=== Data for analysis ===
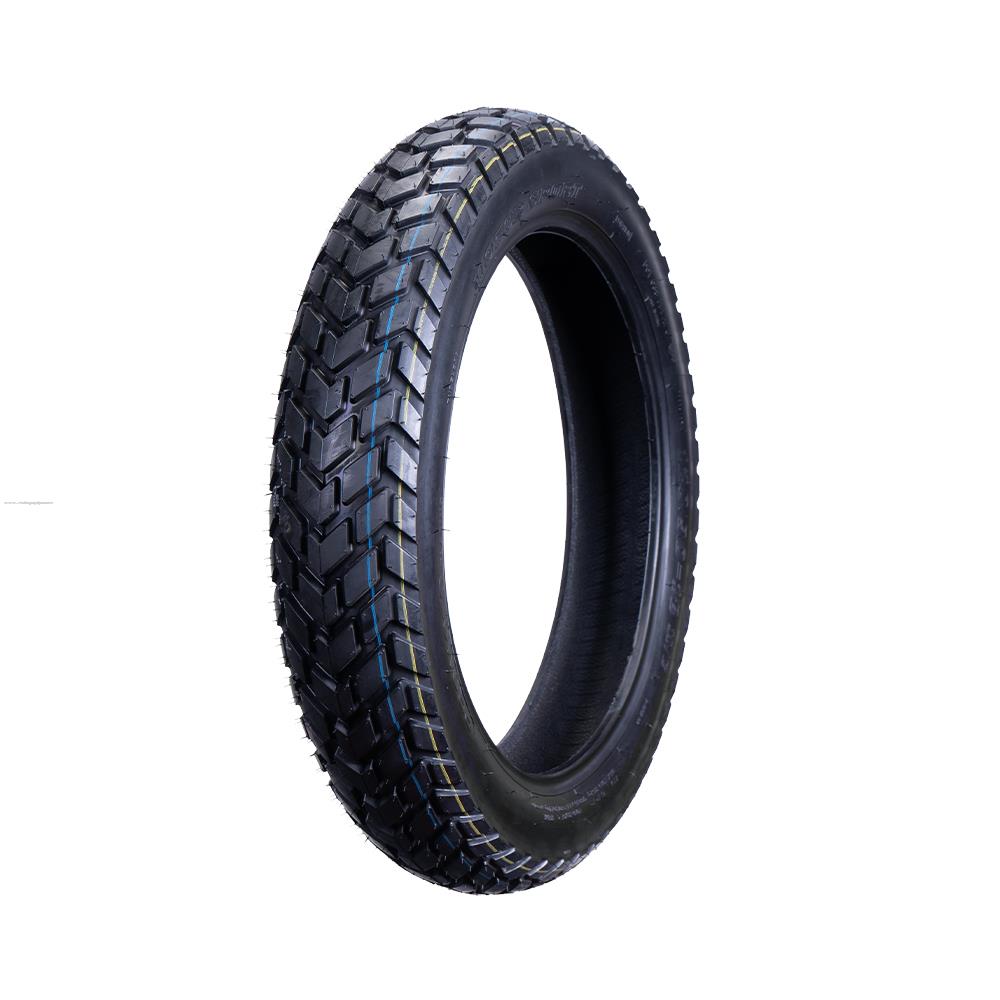 Llanta Doble Proposito PROMOTO PLATINO 2.75 18 P6167 48R 6PR TL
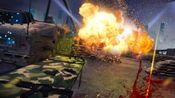 The Survival Test VR: Defend To Death
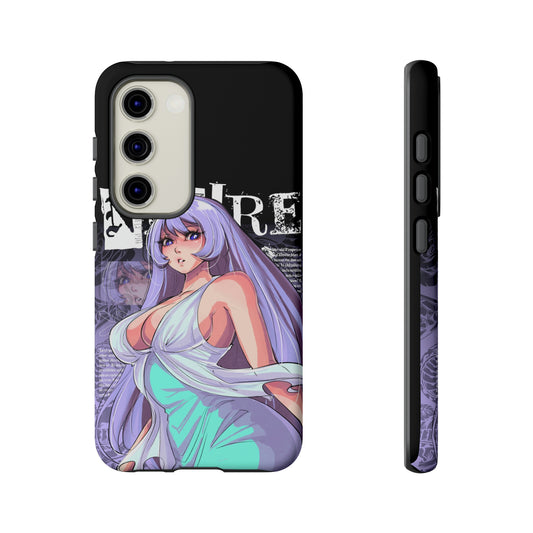 Nejire Samsung Case - Limited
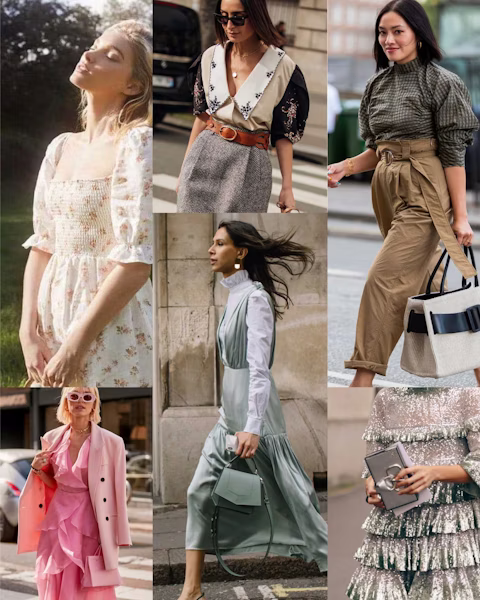 Tendencias que se quedan y otras que se van en 2021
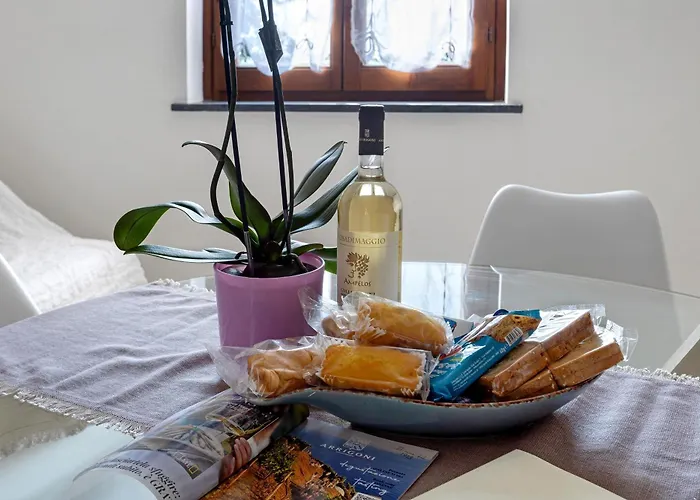 Per Caso Agroturismo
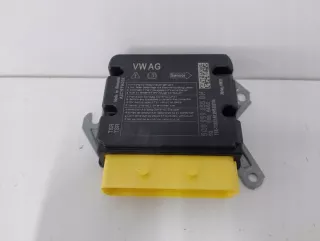 5Q0959655BN Блок AirBag Audi Q3 1 Арт e10695246, вид 1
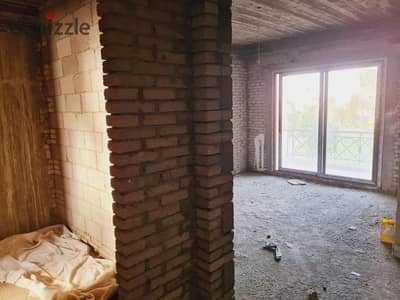 Luxury Villa for Sale in Madinaty type G Prime Location Premium Finishing
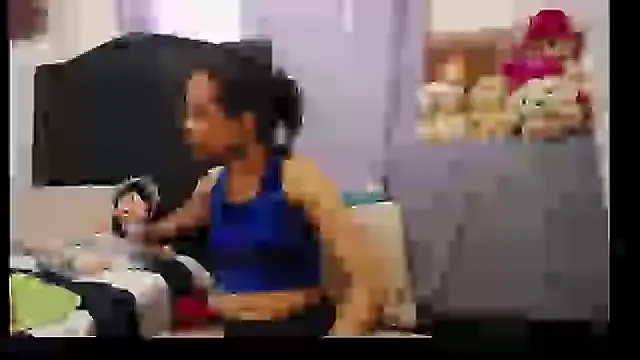 jadde blair online show from September 27, 2025, 10:16 pm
===
About this exercise: For this exercise, set down exactly the lines that run from the line holding "Tendencias que se" to the last line of the records above; include both end lines and omit pictures.

Output below:
 Tendencias que se quedan y otras que se van en 2021
 Per Caso Agroturismo
 5Q0959655BN Блок AirBag Audi Q3 1 Арт e10695246, вид 1
 Luxury Villa for Sale in Madinaty type G Prime Location Premium Finishing
 jadde blair online show from September 27, 2025, 10:16 pm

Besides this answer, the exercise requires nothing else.